(Exercise data begins)
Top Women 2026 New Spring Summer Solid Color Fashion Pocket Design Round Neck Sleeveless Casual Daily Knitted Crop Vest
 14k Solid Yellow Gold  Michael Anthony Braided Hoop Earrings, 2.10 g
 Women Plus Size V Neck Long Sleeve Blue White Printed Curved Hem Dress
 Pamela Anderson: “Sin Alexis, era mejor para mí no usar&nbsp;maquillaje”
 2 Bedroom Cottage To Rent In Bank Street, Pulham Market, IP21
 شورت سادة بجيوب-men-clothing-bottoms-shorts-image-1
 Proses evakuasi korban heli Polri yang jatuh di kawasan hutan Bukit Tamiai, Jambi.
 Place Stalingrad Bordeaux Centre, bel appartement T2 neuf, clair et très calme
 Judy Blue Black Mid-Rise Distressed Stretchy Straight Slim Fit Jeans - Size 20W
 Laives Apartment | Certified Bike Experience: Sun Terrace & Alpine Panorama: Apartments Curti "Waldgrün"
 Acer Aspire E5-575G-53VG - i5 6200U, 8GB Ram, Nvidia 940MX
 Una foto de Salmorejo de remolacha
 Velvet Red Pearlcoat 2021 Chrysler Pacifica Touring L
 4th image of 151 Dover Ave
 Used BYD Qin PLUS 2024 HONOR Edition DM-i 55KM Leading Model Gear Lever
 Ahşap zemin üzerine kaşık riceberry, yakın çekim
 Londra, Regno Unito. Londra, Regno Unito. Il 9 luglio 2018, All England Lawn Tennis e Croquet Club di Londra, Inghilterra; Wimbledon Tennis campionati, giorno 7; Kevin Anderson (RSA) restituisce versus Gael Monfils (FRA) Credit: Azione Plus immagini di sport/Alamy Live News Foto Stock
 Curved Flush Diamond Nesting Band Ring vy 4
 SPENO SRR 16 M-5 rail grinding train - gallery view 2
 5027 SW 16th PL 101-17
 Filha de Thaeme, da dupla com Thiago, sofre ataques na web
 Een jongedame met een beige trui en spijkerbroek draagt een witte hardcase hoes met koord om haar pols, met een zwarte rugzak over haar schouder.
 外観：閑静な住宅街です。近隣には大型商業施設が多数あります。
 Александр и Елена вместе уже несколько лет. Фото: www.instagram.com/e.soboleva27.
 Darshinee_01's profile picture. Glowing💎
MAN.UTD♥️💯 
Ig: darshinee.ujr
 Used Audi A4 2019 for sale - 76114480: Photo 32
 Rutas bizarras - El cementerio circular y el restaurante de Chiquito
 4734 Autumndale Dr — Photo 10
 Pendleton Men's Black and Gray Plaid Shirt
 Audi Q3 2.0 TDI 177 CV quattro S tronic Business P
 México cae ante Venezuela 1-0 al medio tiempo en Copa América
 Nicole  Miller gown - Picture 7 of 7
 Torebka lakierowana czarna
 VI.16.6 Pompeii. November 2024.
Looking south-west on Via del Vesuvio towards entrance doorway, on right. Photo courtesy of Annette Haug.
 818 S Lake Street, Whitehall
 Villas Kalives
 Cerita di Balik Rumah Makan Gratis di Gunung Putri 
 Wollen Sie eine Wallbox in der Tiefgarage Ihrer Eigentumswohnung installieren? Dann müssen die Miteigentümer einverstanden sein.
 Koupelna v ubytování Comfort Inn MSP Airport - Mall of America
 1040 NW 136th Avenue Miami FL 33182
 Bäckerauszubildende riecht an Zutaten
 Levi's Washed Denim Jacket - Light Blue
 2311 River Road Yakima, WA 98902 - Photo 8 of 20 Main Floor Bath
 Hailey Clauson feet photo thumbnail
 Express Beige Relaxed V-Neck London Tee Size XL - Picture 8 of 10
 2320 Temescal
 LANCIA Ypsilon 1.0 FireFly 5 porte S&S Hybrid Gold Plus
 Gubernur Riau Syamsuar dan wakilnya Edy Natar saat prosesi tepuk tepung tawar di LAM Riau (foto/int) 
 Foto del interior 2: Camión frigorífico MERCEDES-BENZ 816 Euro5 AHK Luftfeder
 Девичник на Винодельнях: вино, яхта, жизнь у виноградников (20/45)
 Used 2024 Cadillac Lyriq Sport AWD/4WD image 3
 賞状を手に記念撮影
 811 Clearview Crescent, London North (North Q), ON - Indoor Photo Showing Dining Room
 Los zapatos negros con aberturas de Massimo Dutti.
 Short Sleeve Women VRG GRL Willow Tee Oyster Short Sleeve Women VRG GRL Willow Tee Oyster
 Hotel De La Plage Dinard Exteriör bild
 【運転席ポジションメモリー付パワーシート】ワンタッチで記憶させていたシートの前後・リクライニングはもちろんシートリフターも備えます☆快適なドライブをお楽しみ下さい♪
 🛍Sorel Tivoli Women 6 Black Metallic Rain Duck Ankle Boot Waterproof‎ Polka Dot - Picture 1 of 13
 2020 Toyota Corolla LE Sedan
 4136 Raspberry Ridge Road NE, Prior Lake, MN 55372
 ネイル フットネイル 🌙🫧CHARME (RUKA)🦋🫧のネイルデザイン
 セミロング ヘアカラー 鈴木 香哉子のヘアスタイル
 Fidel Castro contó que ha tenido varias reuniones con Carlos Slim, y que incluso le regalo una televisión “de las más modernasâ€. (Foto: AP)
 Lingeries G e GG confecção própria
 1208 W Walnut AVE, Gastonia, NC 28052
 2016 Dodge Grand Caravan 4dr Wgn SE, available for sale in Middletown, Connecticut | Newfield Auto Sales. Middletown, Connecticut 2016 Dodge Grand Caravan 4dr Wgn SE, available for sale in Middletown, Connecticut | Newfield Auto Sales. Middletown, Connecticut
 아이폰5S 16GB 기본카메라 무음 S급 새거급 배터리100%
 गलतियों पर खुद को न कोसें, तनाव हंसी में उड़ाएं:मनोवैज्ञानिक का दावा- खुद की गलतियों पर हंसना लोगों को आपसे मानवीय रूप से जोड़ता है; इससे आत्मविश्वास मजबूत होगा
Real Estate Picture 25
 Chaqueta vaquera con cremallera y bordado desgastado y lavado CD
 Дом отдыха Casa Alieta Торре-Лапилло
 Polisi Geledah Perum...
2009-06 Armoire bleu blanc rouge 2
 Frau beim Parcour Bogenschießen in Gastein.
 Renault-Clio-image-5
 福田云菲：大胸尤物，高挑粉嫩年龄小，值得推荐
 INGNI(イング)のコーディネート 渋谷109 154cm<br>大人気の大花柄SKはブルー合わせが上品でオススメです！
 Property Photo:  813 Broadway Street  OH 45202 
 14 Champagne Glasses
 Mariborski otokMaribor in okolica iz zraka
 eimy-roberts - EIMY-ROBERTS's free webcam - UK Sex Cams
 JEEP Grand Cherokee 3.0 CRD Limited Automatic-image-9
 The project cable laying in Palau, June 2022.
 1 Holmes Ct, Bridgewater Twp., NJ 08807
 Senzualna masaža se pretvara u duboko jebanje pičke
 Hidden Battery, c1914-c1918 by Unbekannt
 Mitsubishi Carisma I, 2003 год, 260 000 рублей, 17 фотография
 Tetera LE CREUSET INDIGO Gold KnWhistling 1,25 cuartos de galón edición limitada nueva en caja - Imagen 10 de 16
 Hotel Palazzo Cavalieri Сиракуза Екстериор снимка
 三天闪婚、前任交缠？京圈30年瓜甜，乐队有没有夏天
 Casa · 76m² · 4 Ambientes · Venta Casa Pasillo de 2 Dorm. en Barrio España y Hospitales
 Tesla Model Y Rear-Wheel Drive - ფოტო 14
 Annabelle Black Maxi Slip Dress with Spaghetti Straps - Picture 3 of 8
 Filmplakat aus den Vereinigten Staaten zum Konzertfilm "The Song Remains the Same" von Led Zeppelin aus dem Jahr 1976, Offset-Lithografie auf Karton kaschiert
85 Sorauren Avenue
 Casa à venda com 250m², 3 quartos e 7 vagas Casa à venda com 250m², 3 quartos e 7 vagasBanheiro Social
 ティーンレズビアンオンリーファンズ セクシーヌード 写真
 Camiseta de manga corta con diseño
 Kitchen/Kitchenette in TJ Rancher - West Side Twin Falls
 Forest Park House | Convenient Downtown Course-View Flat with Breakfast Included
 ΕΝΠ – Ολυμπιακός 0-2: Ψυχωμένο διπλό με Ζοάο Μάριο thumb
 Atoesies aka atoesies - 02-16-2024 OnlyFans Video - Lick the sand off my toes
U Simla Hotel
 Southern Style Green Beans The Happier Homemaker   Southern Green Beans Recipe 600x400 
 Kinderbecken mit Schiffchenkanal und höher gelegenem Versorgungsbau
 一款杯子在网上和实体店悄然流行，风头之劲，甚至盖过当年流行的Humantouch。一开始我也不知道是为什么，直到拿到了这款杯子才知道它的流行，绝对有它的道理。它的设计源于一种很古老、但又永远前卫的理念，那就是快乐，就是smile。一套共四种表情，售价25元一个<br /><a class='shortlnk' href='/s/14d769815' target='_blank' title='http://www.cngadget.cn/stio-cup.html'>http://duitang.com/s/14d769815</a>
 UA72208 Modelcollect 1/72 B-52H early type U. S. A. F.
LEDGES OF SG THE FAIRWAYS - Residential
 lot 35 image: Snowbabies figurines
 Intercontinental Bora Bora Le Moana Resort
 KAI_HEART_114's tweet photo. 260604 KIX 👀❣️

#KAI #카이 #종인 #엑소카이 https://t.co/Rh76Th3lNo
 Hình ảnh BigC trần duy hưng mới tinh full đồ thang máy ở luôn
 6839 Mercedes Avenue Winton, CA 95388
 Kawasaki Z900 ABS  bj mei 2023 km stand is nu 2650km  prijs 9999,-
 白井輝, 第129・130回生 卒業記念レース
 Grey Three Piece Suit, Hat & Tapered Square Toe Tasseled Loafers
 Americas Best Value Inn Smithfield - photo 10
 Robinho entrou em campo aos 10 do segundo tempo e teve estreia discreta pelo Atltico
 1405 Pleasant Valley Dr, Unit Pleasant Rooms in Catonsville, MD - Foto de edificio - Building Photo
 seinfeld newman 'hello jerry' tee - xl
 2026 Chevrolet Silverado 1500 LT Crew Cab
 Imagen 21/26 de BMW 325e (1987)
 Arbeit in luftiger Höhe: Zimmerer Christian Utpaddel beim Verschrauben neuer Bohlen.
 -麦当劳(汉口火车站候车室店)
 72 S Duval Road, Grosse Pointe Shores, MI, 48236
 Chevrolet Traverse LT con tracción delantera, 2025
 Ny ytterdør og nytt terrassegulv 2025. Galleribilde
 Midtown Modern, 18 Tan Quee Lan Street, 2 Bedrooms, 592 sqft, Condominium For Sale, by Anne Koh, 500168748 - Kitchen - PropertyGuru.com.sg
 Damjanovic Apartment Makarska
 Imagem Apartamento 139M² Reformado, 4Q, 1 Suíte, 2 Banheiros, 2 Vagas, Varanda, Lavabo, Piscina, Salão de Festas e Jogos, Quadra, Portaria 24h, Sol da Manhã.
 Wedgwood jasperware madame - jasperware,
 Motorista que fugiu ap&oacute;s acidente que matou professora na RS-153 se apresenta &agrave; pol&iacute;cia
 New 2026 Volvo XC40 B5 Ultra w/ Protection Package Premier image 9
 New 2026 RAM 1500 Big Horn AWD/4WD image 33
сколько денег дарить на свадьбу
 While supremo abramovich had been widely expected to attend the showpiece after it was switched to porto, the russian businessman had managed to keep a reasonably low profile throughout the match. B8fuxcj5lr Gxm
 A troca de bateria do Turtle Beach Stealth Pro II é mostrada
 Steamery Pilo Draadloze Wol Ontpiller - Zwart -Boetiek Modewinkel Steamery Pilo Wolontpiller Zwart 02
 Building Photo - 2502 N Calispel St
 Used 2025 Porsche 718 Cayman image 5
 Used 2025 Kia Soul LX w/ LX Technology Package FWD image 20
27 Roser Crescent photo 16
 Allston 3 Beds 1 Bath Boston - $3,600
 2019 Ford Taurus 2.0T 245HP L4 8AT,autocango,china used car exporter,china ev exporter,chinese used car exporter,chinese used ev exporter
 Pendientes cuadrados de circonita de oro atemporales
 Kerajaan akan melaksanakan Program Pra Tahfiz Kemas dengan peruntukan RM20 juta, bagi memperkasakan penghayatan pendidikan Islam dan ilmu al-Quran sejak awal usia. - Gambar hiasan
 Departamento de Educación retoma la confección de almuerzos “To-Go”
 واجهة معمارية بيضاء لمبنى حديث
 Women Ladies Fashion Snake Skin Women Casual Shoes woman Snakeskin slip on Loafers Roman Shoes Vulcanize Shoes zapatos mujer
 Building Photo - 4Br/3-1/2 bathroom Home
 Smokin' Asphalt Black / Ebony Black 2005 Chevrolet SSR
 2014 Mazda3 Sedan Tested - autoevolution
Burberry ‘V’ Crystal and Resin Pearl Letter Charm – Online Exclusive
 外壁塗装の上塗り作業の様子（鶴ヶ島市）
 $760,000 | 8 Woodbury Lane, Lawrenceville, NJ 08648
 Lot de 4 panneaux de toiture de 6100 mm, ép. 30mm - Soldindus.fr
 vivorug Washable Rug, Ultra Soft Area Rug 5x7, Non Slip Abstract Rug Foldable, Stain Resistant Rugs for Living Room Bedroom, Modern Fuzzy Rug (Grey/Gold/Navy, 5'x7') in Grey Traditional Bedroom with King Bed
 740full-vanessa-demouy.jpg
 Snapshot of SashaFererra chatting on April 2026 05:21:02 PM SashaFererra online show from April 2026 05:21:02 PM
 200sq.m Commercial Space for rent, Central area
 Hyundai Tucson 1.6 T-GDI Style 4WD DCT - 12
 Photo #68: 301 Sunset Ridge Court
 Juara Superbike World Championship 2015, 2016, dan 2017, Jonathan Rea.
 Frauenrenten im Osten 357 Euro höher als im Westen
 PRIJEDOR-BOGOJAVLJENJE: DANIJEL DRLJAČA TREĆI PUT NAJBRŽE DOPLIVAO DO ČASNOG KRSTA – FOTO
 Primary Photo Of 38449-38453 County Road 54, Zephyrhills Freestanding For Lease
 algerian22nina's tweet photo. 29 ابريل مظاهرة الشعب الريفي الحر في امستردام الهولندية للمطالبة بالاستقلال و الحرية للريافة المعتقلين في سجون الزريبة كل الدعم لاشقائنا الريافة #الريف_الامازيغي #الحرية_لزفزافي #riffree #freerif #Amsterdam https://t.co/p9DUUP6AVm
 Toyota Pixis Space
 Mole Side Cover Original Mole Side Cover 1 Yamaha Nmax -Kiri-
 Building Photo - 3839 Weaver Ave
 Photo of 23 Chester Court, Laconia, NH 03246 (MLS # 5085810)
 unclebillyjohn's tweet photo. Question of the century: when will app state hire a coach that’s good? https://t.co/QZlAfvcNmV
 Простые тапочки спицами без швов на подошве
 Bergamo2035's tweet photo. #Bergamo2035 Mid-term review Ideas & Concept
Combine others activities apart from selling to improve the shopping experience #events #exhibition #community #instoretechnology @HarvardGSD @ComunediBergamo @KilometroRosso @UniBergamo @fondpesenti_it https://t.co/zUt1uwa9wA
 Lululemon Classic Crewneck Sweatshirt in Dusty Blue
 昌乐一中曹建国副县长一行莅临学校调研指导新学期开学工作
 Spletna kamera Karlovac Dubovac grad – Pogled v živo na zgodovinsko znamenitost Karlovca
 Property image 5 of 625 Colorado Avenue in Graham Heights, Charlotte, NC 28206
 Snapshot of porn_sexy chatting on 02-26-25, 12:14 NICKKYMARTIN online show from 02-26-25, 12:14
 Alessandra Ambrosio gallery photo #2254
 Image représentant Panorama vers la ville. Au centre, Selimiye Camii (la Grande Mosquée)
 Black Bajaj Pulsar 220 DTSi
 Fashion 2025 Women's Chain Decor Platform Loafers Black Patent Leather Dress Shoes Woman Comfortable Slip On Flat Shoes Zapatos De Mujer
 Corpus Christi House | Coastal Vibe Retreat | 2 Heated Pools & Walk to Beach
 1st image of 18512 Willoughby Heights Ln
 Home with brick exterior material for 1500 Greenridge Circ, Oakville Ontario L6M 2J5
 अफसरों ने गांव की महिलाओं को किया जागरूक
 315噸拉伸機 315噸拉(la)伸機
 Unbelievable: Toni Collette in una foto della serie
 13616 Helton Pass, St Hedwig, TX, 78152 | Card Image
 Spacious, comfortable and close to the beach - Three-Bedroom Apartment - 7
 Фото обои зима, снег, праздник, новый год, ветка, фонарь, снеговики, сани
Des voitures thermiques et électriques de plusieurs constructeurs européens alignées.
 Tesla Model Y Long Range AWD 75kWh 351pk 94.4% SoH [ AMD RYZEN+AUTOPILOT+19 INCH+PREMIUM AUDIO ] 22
(Exercise data ends)
Work instructions:
What lines in the records above include the string "Casa"? Copy each one.

Final answer:
 Дом отдыха Casa Alieta Торре-Лапилло
 Casa · 76m² · 4 Ambientes · Venta Casa Pasillo de 2 Dorm. en Barrio España y Hospitales
 Casa à venda com 250m², 3 quartos e 7 vagas Casa à venda com 250m², 3 quartos e 7 vagasBanheiro Social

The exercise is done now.